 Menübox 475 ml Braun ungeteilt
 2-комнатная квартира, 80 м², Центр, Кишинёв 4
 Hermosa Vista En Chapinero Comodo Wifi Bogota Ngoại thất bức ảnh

» WHAT THE TASK REQUIRES
The listing must be repeated in full, with nothing altered.

» ANSWER TO THIS EXERCISE
 Menübox 475 ml Braun ungeteilt
 2-комнатная квартира, 80 м², Центр, Кишинёв 4
 Hermosa Vista En Chapinero Comodo Wifi Bogota Ngoại thất bức ảnh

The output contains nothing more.